En attendant un nouvel Einstein c'est une intuition renouvelée de l'espace qu'il nous faut...
La théorie de Connes et ses collaborateurs offre donc un point de vue nouveau : sur le scalaire de Higgs, dans le sens où elle fait apparaître ce dernier comme une sorte de cousin non-commutatif du photon (un boson "de jauge" de spin nul et non de spin un), mais aussi sur les théories de Kaluza-Klein déjà citées plus haut (qui imaginaient des espaces-temps à cinq dimensions) et sur leur compactification (à quatre dimensions). 
La situation actuelle peut sembler un peu analogue à la période charnière entre 1904 et 1905 lorsque les transformations mathématiques de Lorentz attendaient encore d'être intégrées dans une théorie physique claire, une théorie certes en germe dans les idées de Poincaré mais véritablement mise sur pied et exploitée par Einstein.
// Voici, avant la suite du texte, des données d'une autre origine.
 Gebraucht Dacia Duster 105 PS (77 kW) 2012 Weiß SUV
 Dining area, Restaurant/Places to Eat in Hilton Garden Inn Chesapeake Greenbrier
... et un approfondissement (épaississement?) du concept de nombres réels ou complexes (ou bien des quaternions ou des quantions)
Signalons aussi que la démarche de Connes pour développer son modèle spectral a ceci de particulier qu'elle prend au sérieux (affronte vraiment) les deux grandes nouveautés théoriques de la physique du XX siècle : la quantification et la renormalisation ...
A l'inverse on peut se demander si la théorie des cordes (la supersymétrie), bien qu'elle approfondisse elle aussi la physique quantique et les théories de Kaluza-Klein, n'a pas commis une erreur épistémologique (ou heuristique) en s'étant construite essentiellement comme une tentative visant à contourner (esquiver en partie) le problème de la renormalisation ...
On peut aussi s'interroger sur la rapidité de la construction théorique de la mécanique quantique qui contraste tant avec le lent et chaotique développement des théories quantiques des champs renormalisables. La raison de cette différence de rythme ne vient-elle pas de ce que la première bénéficia de l'existence d'un formalisme mathématique déjà prêt à l'emploi à travers l'algèbre linéaire et l'analyse harmonique alors que pour la seconde son formalisme naturel se construit au fur et à mesure que l'oracle de la physique expérimentale parle et passe au crible du réel les virtuels possibles ?

L'éther ressuscite mais sous une forme quantique en se dotant d'une composante scalaire et donne sa masse à la matière : et facta est materia
Pour terminer précisons que le boson de Higgs n'est rien d'autre qu'un quantum du champ scalaire du même nom, lequel est responsable en gros de la masse de (presque) tous les fermions élémentaires (le cas des neutrinos est plus délicat) et de certains bosons de jauge élémentaires (pas le photon, ni les gluons). Or cette propriété (la brisure de la symétrie électrofaible), le champ scalaire de Higgs la doit au fait d'avoir une valeur moyenne non nulle dans son état fondamental que l'on appelle aussi "vide". D'une certaine manière l'observation du Higgs valide donc l'existence d'un éther quantique (il y a bien sûr d'autres manifestations du vide quantique, associées à d'autres champs, déjà établies expérimentalement cf émission spontanéeforces de Casimir, déplacement de Lamb par exemple).